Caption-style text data
┄┄┄┄┄┄
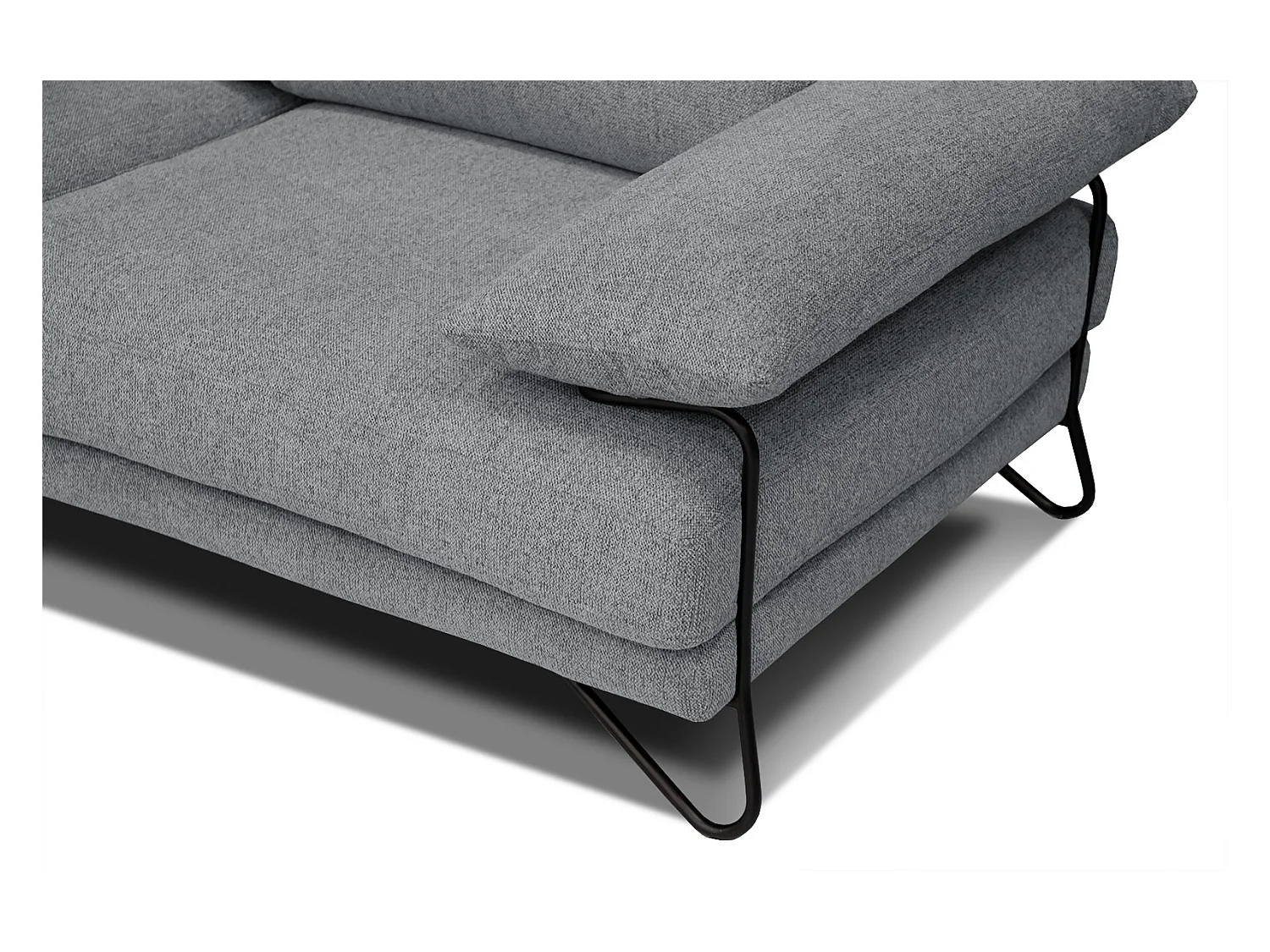 Canapé d'angle gauche 5 places tissu gris moyen - Lori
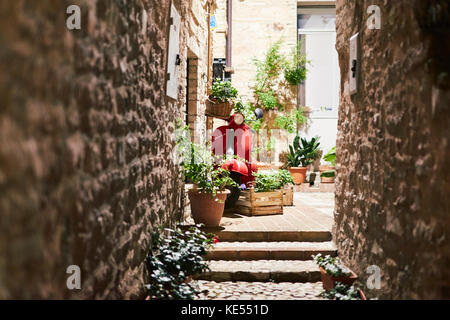 Red Vespa Piaggio in einem mittelalterlichen Gasse - spello Stockfoto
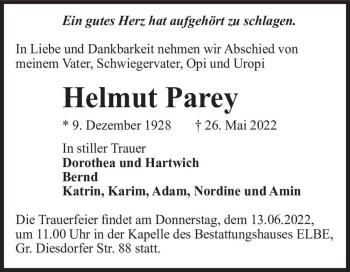 Traueranzeige von Helmut Parey  von Magdeburger Volksstimme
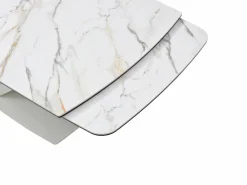 Maison Céphy Mesa de comedor de vidrio templado, cerámica y metal - Efecto mármol - MALATA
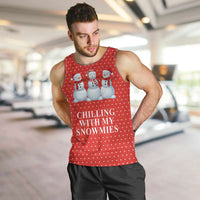 Chilling With My Snowmies Christmas Men Tank Top Xmas Holiday Patterns - Wonder Print Shop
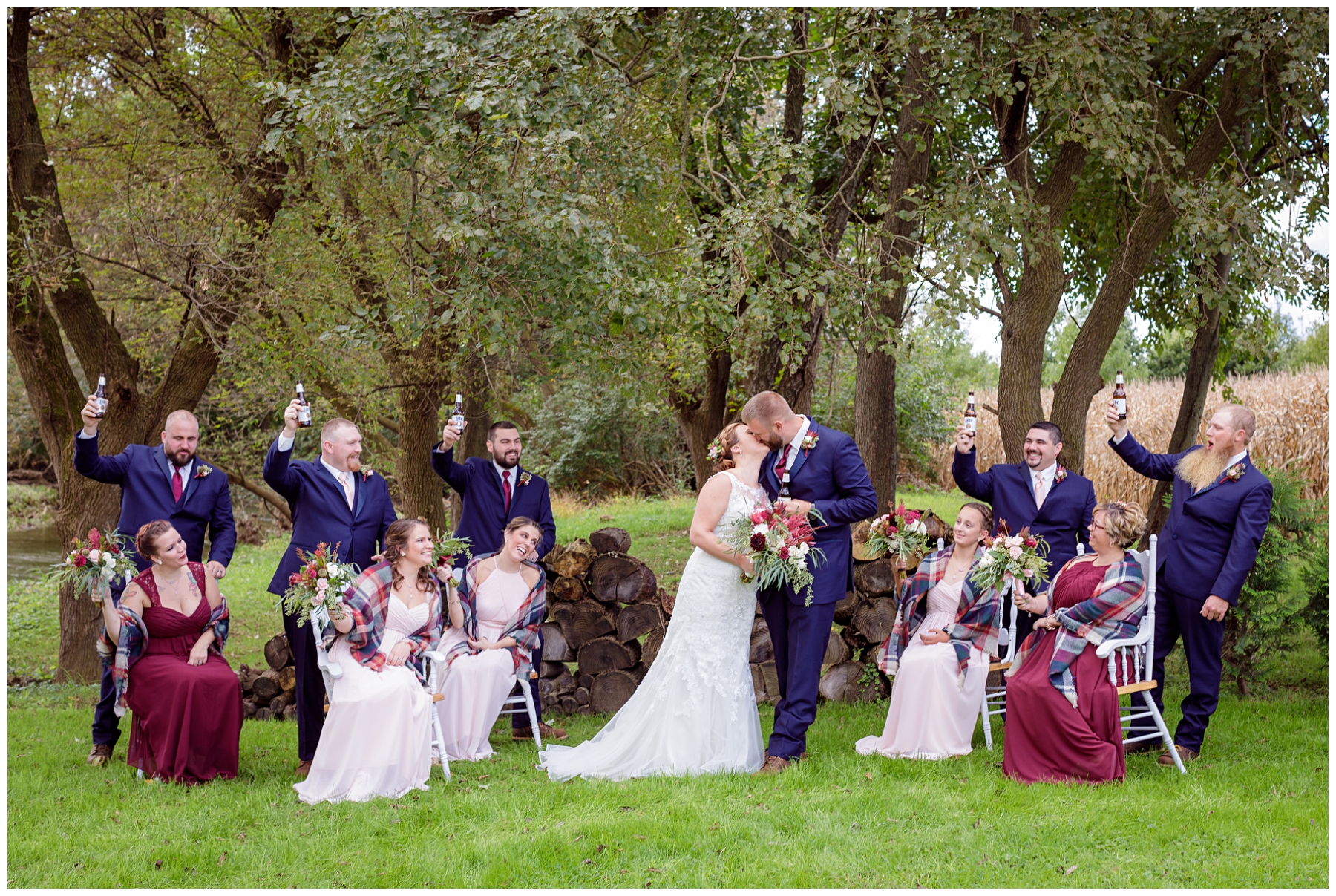 bridal party photos outdoors in fall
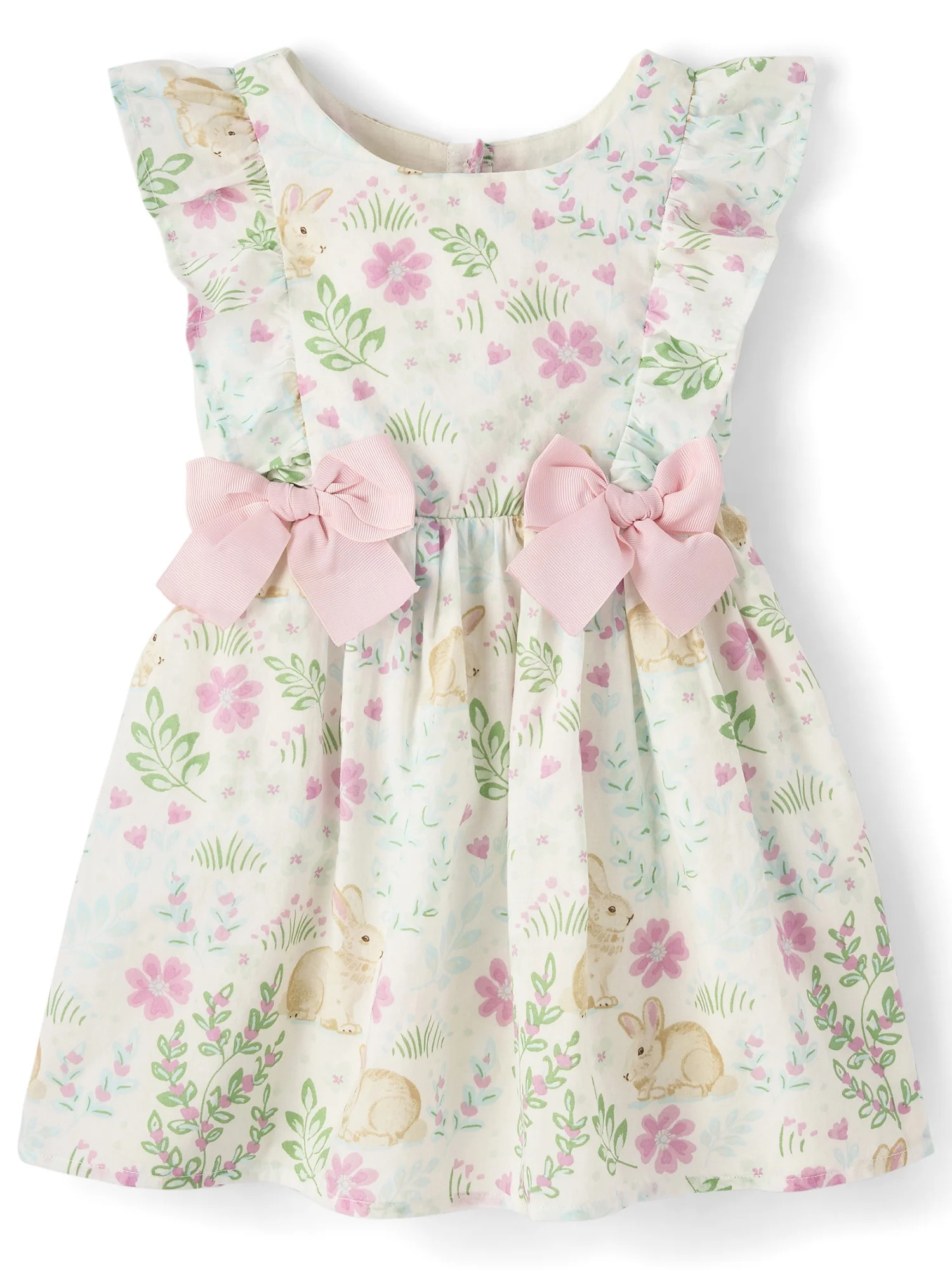 The Children's Place Toddler Girls Short Sleeve Bunny Bow Flutter Dress, Sizes 12M-5T | Walmart (US)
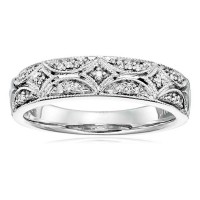 Sterling Silver Diamond Band Ring (1/20 cttw, I-J Color, I2-I3 Clarity)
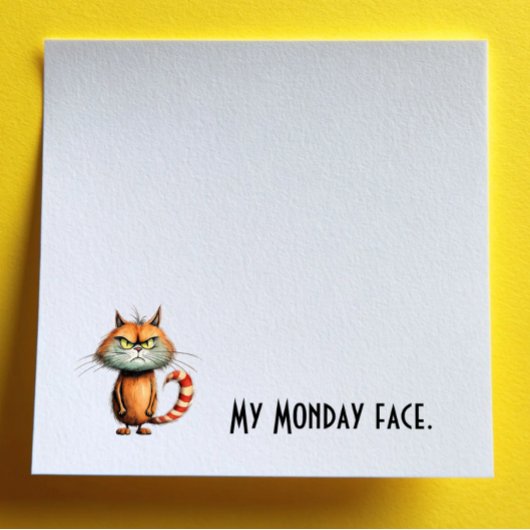 Unhappy Orange Cartoon Cat My Monday Face Post-it® Notes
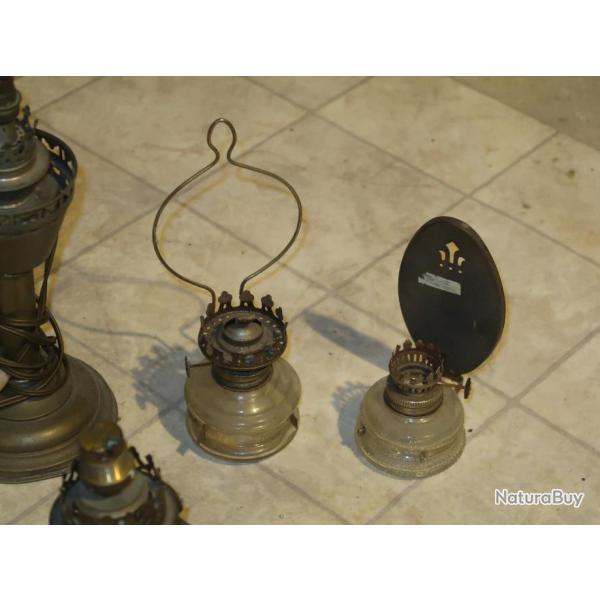 4 lampes  ptrole  complter,  restaurer 2 avec douille lectrique dcoration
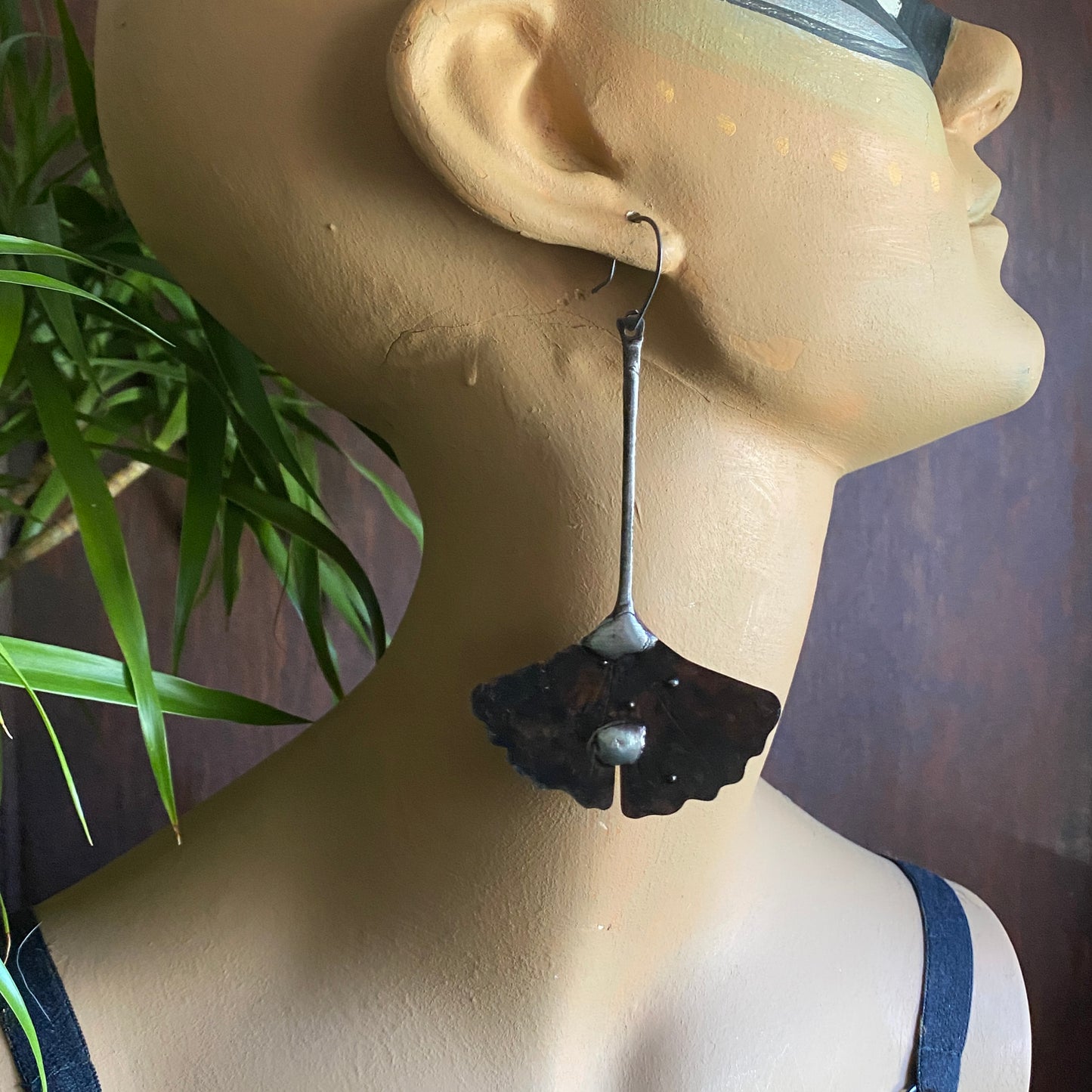 Ginko ~ Large Soldered Lightweight Leaf Earrings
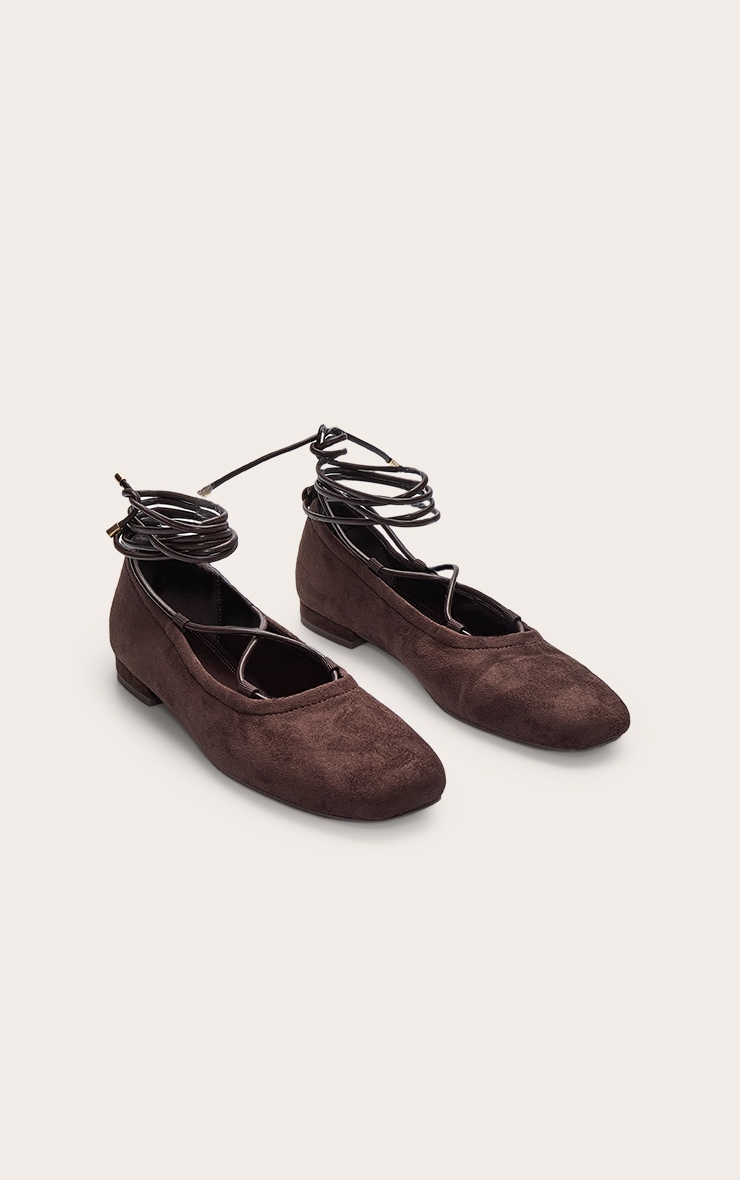 Chocolate Faux Suede Lace Up Ballet Flat image 3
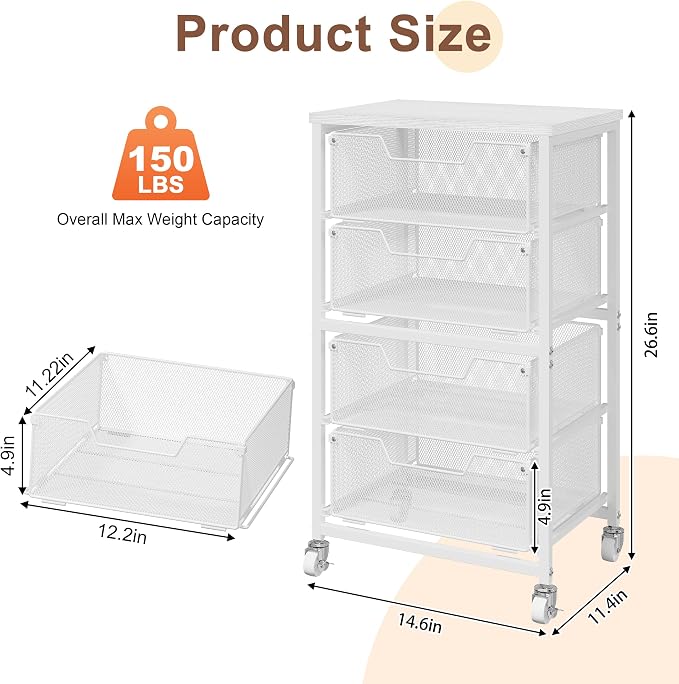 4-Drawer Rolling Storage Cart, Utility Cart with Drawers, White Metal Craft Cart Organizer with Wheels & Wooden Top, Art Supply Storage Organizer for Classroom, Office, Kitchen,Patent Pending - Image 3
┄┄┄┄┄┄
* [Task details]
Reproduce, exactly and only, the lines of the records above starting at the line with "Sterling Silver Diamond" and ending at the line with "Ginko ~ Large", both included. Leave every picture out.

* [Result for this task]
 Sterling Silver Diamond Band Ring (1/20 cttw, I-J Color, I2-I3 Clarity)
 Unhappy Orange Cartoon Cat My Monday Face Post-it® Notes
 4 lampes  ptrole  complter,  restaurer 2 avec douille lectrique dcoration
 Ginko ~ Large Soldered Lightweight Leaf Earrings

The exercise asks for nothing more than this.